Argument made that Quebec Civil Code applies to jurisdiction question for province's financial regulator
The Supreme Court of Canada recently heard an appeal that could impact how administrative tribunals in Quebec determine jurisdiction.
In 2017, Quebec’s financial markets regulator, Autorité des marchés financiers (AMF), brought a case against four people accused of participating in a pump-and-dump scheme before the Financial Markets Administrative Tribunal. The AMF alleged the defendants were guilty of improperly influencing or manipulating a stock price in violation of the Quebec Securities Act.
The alleged scheme involved a company called Solo, which was incorporated in the US state of Nevada, and Solo’s shares were traded on a New York-based over-the-counter market.
The AMF sought an order from the FMAT requiring the defendants to cease transacting in securities; prohibiting them from serving as directors or officers of an issuer, dealer, adviser, or investment fund manager for five years; and also sought administrative penalties.
The defendants unsuccessfully argued at the FMAT that the tribunal lacked jurisdiction. The Quebec Superior Court dismissed the application for judicial review, and the Court of Appeal rejected their appeal.
The four defendants appealed the jurisdictional issue to the SCC, and the court heard the matter on Jan. 18.
In Frederick Langford Sharp, et al. v. Autorité des marchés financiers, et al., there are two main legal issues, says Patrick Ferland, a partner with LCM Avocats in Montreal and counsel for three of the appellants.
The first is about the applicable jurisdictional test. The appellants argue that the Quebec Civil Code determines jurisdiction, while the AMF argues it is the common law.
“There are provisions in the Civil Code detailing the various circumstances where a court or an administrative tribunal could have jurisdiction,” says Ferland. “We're saying there is no provision that would grant jurisdiction in a case like this.”
The AMF argued that the relevant Civil Code provisions do not apply to administrative enforcement proceedings before the FMAT, says Stéphanie Jolin, counsel for the AMF.
“Rather, the latter’s jurisdiction coincides with the scope of the Securities Act, which must respect the territorial limits of the province’s legislative powers under the Constitution,” she says. “The Respondent therefore argues that the applicable constitutional test is the ‘sufficient connection’ test set out in Unifund.”
If the common law and not the Quebec Civil Code applies, the second issue is how the common law would have a tribunal assess its jurisdiction, says Ferland.
In the common law provinces, a provincial court or tribunal can hear a case where there is a “real and substantial connection,” he says. The 2012 SCC case, Club Resorts Ltd. v Van Breda, found that in the case of a tort, the decision-maker will look at “where the tort was committed” and “where the prejudice was suffered,” he says.
The appellant’s position is that, for predictability, the court must look at “objective factors” such as where the defendants reside, where the infractions were committed, and where the exchange is located. The defendants reside in BC, where they allegedly carried out the violations of the provision, and the transactions at issue occurred on a U.S. exchange, says Ferland.

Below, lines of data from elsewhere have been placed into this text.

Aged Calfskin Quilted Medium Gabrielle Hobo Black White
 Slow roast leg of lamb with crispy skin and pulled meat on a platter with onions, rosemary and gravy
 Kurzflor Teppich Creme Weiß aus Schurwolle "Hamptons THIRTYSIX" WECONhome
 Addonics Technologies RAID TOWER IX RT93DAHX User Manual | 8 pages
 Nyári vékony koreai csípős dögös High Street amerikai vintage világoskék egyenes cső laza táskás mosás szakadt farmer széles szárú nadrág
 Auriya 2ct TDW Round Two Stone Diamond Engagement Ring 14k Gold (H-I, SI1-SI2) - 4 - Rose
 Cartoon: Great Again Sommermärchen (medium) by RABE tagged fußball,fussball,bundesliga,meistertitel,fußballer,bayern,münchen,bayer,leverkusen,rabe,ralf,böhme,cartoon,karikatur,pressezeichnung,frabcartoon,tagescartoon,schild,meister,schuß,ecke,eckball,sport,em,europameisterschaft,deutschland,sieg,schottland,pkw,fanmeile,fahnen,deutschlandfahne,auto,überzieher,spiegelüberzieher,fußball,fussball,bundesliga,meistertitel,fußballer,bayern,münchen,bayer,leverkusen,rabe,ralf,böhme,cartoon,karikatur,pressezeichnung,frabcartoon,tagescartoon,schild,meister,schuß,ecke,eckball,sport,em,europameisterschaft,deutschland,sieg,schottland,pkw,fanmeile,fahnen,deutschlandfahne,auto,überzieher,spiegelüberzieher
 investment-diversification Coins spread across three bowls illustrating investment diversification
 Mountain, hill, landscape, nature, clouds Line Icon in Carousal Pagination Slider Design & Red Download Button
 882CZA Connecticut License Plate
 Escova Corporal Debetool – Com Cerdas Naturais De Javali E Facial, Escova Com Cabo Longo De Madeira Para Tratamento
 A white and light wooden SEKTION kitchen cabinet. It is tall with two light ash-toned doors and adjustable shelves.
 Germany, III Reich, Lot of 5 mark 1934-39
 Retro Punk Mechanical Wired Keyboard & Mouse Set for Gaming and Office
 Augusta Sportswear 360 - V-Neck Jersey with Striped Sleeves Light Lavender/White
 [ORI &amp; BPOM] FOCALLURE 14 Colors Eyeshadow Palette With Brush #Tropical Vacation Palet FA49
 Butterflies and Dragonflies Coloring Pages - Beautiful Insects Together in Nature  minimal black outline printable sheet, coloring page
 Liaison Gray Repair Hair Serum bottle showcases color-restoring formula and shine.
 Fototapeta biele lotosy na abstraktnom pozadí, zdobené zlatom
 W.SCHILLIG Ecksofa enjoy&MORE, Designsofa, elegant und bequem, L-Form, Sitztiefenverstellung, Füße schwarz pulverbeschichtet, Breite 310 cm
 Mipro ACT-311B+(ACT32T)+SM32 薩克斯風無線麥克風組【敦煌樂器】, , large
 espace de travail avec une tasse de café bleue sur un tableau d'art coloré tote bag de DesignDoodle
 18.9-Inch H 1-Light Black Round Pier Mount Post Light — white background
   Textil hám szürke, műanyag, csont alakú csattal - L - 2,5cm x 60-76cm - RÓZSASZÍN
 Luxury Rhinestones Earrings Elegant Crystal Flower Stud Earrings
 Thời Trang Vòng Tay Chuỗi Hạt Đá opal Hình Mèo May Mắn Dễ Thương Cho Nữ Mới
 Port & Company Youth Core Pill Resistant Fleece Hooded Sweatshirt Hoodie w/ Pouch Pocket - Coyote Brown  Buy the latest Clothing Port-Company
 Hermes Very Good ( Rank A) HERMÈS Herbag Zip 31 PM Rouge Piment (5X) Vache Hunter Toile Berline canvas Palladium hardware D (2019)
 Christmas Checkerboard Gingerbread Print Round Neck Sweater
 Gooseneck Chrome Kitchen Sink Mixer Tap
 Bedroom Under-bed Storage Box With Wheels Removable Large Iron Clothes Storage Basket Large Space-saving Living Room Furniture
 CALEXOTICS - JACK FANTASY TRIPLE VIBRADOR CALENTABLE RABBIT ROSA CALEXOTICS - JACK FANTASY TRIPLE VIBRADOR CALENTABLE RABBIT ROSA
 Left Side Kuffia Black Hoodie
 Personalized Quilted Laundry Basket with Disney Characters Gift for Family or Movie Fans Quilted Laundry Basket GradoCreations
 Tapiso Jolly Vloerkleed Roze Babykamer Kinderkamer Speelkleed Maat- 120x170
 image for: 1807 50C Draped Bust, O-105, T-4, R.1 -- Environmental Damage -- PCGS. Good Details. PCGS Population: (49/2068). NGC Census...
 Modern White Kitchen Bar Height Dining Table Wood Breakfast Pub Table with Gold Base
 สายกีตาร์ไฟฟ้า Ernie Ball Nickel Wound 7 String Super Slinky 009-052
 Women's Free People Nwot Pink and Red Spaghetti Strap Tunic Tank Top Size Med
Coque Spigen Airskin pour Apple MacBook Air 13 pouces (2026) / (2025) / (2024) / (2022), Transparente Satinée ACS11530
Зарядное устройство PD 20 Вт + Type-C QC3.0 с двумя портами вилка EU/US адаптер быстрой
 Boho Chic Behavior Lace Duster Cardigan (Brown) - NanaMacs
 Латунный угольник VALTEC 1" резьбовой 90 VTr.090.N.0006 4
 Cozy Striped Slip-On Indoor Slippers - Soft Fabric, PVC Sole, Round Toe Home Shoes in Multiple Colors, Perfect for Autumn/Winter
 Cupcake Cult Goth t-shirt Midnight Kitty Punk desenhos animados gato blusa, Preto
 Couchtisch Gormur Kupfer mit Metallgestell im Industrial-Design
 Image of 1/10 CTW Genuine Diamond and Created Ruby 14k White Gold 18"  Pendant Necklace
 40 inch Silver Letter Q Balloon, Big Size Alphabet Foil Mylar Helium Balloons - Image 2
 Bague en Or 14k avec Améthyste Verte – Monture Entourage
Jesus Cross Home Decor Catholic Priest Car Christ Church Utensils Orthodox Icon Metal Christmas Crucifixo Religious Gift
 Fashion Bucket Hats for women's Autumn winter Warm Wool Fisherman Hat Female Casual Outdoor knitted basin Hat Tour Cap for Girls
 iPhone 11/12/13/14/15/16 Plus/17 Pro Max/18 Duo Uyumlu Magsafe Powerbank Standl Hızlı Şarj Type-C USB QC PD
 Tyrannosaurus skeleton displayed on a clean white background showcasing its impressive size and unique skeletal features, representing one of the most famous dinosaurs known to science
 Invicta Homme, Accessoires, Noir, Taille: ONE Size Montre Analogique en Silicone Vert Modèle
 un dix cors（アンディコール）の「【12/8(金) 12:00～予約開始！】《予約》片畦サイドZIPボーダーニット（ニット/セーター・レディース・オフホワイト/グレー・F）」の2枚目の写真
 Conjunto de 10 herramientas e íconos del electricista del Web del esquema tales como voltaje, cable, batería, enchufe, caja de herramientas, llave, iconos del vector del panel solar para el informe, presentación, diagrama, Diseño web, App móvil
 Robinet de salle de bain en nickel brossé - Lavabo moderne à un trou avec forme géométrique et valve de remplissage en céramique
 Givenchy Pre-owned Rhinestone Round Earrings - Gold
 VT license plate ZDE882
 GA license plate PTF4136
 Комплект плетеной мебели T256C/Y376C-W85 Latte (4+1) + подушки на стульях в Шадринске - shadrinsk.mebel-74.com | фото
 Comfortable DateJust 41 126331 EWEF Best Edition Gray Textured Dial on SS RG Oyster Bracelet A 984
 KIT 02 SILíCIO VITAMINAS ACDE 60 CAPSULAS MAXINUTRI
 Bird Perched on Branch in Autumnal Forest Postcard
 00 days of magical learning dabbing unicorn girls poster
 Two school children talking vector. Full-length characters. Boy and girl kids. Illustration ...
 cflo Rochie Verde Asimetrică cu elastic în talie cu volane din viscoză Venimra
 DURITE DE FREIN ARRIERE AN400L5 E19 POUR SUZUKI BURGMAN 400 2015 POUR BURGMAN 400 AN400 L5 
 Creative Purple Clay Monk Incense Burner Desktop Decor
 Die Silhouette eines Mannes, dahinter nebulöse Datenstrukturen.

“Our position is that nothing connects with Quebec, and the very tenuous connections that there are with Quebec are not sufficient to grant jurisdiction to the Quebec tribunal.”
The AMF’s position is that the “sufficient connection test” that the court adopted is “inherently contextual and flexible” and designed to account for “varying objectives of provincial legislation,” says Jolin.
According to the SCC case summary, the AMF alleges that “at all material times, Solo was under the direction of a Quebec resident and was a reporting issuer in Quebec with a business address in Montreal.” The AMF also says that “the misleading press releases and promotional materials, a portion of which originated in Montreal, were accessible to Quebec residents.” Fifteen investors in Quebec lost a total of $5,000 because of the scheme, according to the AMF.
The case will impact the development of Quebec law and the role of the province’s Civil Code, says Ferland. The case has raised “a very thorny issue,” which is the extent to which government action is subject to the Civil code, he says.
“The case could have a very fundamental impact on how the Civil Code applies to the actions of the government and of all the various governmental agencies in Quebec.”
The case will also clarify the rules in assessing jurisdiction in securities and other regulatory matters, says Ferland.
“The Supreme Court, I hope, will set out a clear test to allow courts across Canada to better determine whether they have jurisdiction to hear a given case that raises interprovincial or international issues.”
“The Court will have to determine whether the Civil Code applies to administrative enforcement proceedings under the Securities Act,” says Jolin. “Should the Court determine that the provisions of the Civil Code at issue do not apply to the underlying proceedings, the Court will have to determine the basis on which the Tribunal’s jurisdiction should be founded.”